─── Stored data ───
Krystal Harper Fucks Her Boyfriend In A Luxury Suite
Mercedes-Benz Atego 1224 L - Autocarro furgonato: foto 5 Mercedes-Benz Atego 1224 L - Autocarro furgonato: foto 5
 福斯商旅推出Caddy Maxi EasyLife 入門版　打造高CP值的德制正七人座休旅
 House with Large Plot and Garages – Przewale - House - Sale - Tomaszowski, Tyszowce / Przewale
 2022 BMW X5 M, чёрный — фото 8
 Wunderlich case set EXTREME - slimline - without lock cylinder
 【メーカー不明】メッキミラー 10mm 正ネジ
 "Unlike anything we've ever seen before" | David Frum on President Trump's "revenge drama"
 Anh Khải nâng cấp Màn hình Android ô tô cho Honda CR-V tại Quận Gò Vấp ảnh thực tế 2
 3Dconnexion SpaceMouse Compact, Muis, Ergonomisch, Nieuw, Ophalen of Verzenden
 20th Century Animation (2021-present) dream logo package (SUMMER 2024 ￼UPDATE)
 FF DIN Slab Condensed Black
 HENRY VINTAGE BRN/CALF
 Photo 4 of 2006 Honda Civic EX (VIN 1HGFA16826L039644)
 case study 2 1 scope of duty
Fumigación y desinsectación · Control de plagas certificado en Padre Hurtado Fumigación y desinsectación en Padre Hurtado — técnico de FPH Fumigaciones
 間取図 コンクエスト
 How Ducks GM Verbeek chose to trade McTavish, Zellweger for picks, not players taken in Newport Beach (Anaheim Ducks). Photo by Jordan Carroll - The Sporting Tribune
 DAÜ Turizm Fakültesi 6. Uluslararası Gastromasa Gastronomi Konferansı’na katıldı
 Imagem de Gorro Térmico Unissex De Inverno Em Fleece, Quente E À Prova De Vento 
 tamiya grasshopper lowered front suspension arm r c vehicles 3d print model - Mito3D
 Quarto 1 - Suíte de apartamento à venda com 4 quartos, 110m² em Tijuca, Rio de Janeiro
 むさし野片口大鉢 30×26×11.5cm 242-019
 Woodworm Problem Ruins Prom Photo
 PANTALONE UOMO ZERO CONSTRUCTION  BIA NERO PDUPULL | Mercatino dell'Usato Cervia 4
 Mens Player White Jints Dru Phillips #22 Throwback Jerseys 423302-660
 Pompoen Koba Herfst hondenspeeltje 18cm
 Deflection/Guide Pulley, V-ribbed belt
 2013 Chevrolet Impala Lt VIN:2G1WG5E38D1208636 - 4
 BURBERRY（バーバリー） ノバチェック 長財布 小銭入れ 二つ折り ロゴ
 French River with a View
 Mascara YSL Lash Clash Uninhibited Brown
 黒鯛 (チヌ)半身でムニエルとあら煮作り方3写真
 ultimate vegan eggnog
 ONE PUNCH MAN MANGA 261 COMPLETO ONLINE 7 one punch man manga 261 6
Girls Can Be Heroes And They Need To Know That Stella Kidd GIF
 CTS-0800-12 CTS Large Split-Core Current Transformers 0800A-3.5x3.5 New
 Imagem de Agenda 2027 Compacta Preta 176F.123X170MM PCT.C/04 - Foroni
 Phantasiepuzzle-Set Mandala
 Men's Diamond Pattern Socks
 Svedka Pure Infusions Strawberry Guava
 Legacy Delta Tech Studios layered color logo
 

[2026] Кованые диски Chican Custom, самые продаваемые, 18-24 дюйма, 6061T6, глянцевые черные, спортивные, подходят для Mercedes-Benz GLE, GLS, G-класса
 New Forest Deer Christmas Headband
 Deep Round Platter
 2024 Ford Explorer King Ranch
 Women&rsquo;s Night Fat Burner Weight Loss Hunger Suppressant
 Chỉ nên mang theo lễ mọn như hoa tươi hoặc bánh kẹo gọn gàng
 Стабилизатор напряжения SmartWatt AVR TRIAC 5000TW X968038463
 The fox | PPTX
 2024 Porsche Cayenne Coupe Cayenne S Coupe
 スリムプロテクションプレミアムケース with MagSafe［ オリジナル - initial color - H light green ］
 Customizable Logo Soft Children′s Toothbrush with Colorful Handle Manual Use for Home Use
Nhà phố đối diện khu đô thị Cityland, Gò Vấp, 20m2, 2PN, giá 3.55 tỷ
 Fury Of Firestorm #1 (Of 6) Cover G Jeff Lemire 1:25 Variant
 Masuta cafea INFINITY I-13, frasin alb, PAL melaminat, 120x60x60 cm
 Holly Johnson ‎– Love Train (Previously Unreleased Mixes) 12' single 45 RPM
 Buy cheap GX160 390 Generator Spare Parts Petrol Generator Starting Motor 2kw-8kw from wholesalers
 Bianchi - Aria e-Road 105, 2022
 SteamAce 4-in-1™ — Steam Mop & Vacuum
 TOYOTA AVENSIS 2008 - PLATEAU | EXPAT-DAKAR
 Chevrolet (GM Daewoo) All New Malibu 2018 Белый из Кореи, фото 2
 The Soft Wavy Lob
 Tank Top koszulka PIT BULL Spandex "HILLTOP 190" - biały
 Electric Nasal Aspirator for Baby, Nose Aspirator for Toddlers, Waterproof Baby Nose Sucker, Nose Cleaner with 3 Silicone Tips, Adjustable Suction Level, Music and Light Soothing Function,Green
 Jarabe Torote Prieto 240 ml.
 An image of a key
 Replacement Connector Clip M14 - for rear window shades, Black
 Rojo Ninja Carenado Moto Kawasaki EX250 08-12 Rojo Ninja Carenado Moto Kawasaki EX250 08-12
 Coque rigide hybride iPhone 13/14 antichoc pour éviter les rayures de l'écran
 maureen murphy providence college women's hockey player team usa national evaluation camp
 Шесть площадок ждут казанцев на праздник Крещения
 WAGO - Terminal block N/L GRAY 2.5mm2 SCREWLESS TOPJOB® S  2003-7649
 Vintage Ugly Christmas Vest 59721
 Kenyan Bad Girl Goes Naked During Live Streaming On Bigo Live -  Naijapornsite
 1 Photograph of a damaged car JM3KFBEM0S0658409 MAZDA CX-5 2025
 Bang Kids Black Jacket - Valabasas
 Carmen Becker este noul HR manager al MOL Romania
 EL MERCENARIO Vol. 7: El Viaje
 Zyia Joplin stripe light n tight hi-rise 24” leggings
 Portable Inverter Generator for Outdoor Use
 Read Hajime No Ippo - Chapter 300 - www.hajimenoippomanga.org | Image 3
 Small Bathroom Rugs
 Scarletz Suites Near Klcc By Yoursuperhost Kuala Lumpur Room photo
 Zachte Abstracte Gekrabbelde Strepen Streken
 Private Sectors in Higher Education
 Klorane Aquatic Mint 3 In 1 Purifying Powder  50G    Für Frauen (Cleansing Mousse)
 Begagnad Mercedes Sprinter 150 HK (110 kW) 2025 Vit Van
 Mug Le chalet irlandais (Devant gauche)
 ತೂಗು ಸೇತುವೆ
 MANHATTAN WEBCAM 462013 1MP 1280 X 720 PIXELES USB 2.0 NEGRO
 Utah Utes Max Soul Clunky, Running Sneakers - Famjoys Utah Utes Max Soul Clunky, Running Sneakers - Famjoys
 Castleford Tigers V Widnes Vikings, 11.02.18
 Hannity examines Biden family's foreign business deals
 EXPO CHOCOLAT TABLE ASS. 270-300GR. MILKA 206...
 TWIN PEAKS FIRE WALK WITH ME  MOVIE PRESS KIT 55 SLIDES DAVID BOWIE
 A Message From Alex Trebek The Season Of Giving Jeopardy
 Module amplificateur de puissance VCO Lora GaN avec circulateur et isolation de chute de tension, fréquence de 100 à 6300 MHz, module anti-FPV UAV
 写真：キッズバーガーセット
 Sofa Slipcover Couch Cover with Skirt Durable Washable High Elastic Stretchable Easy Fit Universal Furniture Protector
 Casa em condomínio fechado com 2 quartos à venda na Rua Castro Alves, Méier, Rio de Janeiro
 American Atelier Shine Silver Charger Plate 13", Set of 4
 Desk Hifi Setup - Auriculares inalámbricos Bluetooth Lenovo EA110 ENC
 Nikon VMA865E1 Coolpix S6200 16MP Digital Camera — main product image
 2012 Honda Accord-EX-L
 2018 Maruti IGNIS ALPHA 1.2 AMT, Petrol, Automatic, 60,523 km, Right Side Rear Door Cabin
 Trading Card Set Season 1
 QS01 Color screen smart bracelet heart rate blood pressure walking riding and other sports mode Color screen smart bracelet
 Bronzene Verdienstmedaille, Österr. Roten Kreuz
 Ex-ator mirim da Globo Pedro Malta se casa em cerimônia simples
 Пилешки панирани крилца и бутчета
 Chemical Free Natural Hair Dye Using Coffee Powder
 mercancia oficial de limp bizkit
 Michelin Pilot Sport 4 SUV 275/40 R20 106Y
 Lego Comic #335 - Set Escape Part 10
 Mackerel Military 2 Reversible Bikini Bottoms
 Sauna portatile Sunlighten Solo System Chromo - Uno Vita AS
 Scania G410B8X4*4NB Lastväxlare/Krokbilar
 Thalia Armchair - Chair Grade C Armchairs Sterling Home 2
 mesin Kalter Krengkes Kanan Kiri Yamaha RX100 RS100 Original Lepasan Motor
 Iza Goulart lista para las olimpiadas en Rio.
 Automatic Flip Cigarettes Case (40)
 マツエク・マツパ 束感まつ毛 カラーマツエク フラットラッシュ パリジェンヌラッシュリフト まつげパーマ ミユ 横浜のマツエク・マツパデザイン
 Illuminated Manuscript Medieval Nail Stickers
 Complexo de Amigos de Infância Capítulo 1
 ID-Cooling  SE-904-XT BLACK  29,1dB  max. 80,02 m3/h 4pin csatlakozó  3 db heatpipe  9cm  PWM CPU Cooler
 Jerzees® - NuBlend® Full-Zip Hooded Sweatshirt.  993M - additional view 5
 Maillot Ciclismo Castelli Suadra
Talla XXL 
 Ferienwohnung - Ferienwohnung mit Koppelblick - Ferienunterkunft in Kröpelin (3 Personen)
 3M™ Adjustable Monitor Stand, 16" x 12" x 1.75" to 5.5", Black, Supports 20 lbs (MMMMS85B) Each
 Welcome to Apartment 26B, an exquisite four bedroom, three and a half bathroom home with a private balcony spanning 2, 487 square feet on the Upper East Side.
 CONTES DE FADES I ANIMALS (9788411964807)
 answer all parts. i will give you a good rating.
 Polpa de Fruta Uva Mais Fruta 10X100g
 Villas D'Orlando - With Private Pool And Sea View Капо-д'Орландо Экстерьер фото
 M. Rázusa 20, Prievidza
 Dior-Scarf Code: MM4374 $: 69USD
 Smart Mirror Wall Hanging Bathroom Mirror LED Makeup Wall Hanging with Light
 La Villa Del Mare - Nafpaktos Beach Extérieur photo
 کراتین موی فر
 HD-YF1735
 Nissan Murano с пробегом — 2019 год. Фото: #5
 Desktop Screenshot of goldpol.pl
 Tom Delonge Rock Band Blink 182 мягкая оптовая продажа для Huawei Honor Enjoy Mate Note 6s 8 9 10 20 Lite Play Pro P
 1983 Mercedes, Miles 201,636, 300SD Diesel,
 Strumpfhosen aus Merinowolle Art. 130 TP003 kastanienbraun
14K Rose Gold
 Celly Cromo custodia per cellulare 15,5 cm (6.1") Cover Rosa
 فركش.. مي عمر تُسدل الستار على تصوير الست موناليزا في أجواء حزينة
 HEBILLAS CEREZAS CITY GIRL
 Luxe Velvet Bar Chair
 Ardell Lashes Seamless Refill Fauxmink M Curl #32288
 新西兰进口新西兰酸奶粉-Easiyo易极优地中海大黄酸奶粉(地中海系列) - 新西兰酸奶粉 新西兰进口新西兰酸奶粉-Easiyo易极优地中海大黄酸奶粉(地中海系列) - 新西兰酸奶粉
───
Write out only the lines that run from the line containing "Customizable Logo Soft" through the line containing "MANHATTAN WEBCAM 462013", both included, exactly as they appear above.

 Customizable Logo Soft Children′s Toothbrush with Colorful Handle Manual Use for Home Use
Nhà phố đối diện khu đô thị Cityland, Gò Vấp, 20m2, 2PN, giá 3.55 tỷ
 Fury Of Firestorm #1 (Of 6) Cover G Jeff Lemire 1:25 Variant
 Masuta cafea INFINITY I-13, frasin alb, PAL melaminat, 120x60x60 cm
 Holly Johnson ‎– Love Train (Previously Unreleased Mixes) 12' single 45 RPM
 Buy cheap GX160 390 Generator Spare Parts Petrol Generator Starting Motor 2kw-8kw from wholesalers
 Bianchi - Aria e-Road 105, 2022
 SteamAce 4-in-1™ — Steam Mop & Vacuum
 TOYOTA AVENSIS 2008 - PLATEAU | EXPAT-DAKAR
 Chevrolet (GM Daewoo) All New Malibu 2018 Белый из Кореи, фото 2
 The Soft Wavy Lob
 Tank Top koszulka PIT BULL Spandex "HILLTOP 190" - biały
 Electric Nasal Aspirator for Baby, Nose Aspirator for Toddlers, Waterproof Baby Nose Sucker, Nose Cleaner with 3 Silicone Tips, Adjustable Suction Level, Music and Light Soothing Function,Green
 Jarabe Torote Prieto 240 ml.
 An image of a key
 Replacement Connector Clip M14 - for rear window shades, Black
 Rojo Ninja Carenado Moto Kawasaki EX250 08-12 Rojo Ninja Carenado Moto Kawasaki EX250 08-12
 Coque rigide hybride iPhone 13/14 antichoc pour éviter les rayures de l'écran
 maureen murphy providence college women's hockey player team usa national evaluation camp
 Шесть площадок ждут казанцев на праздник Крещения
 WAGO - Terminal block N/L GRAY 2.5mm2 SCREWLESS TOPJOB® S  2003-7649
 Vintage Ugly Christmas Vest 59721
 Kenyan Bad Girl Goes Naked During Live Streaming On Bigo Live -  Naijapornsite
 1 Photograph of a damaged car JM3KFBEM0S0658409 MAZDA CX-5 2025
 Bang Kids Black Jacket - Valabasas
 Carmen Becker este noul HR manager al MOL Romania
 EL MERCENARIO Vol. 7: El Viaje
 Zyia Joplin stripe light n tight hi-rise 24” leggings
 Portable Inverter Generator for Outdoor Use
 Read Hajime No Ippo - Chapter 300 - www.hajimenoippomanga.org | Image 3
 Small Bathroom Rugs
 Scarletz Suites Near Klcc By Yoursuperhost Kuala Lumpur Room photo
 Zachte Abstracte Gekrabbelde Strepen Streken
 Private Sectors in Higher Education
 Klorane Aquatic Mint 3 In 1 Purifying Powder  50G    Für Frauen (Cleansing Mousse)
 Begagnad Mercedes Sprinter 150 HK (110 kW) 2025 Vit Van
 Mug Le chalet irlandais (Devant gauche)
 ತೂಗು ಸೇತುವೆ
 MANHATTAN WEBCAM 462013 1MP 1280 X 720 PIXELES USB 2.0 NEGRO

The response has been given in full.